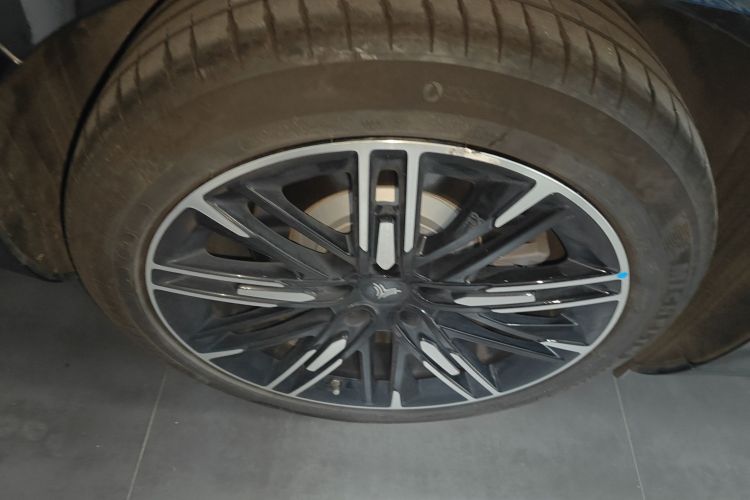 哪吒汽车 哪吒S 2024款 增程 1060 Lite版车身外观6008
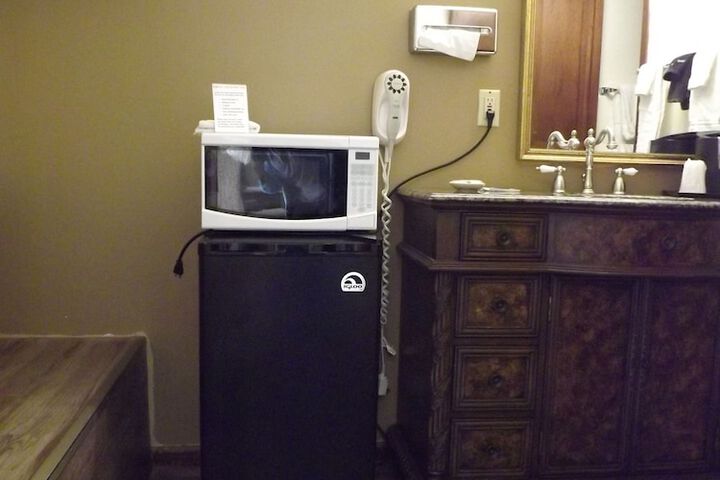 Room 56 of 175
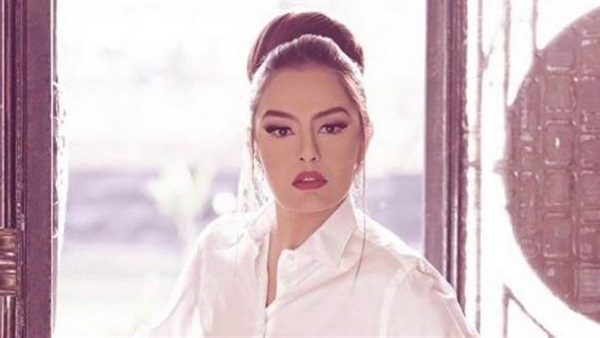 الفنانة شريهان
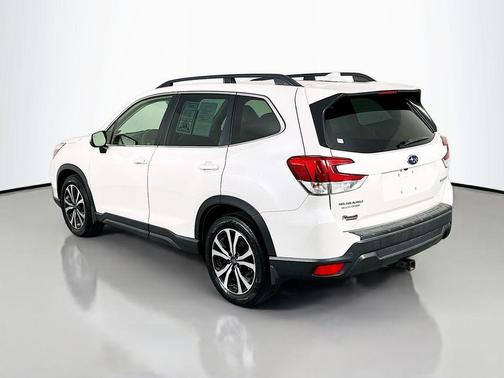 Crystal White Pearl 2021 Subaru Forester Limited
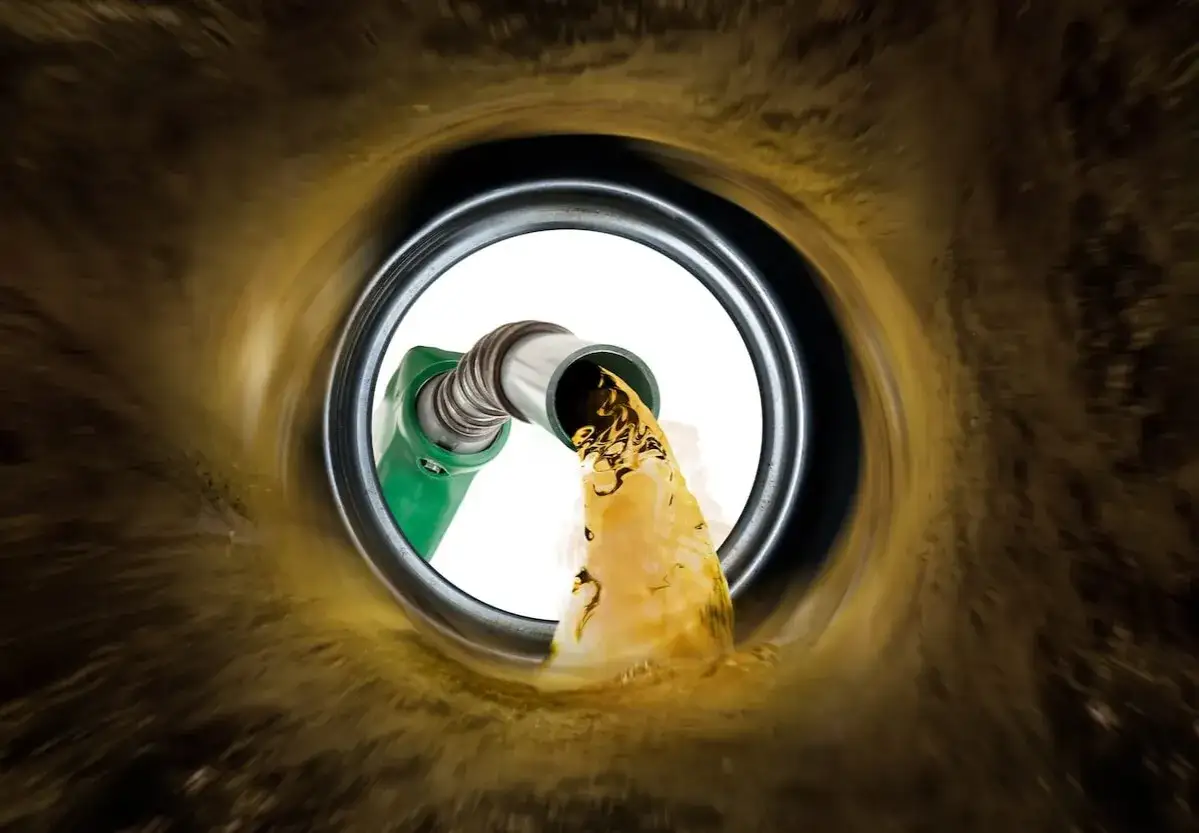 Czy diesel pojedzie na benzynie? Skutki błędnego tankowania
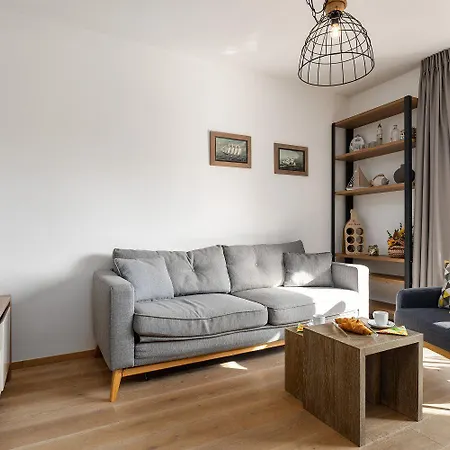 Luxusapartment Mit Meerblick Nur 50 Meter Zum Yachthafen, 300 Meter Zum Apartmán *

========================================================================

=== Action item ===
Make an exact copy of the lines above, starting at the line that contains "Czy diesel pojedzie" and running through the final line of the entries. Omit the pictures.

=== Solution ===
 Czy diesel pojedzie na benzynie? Skutki błędnego tankowania
 Luxusapartment Mit Meerblick Nur 50 Meter Zum Yachthafen, 300 Meter Zum Apartmán *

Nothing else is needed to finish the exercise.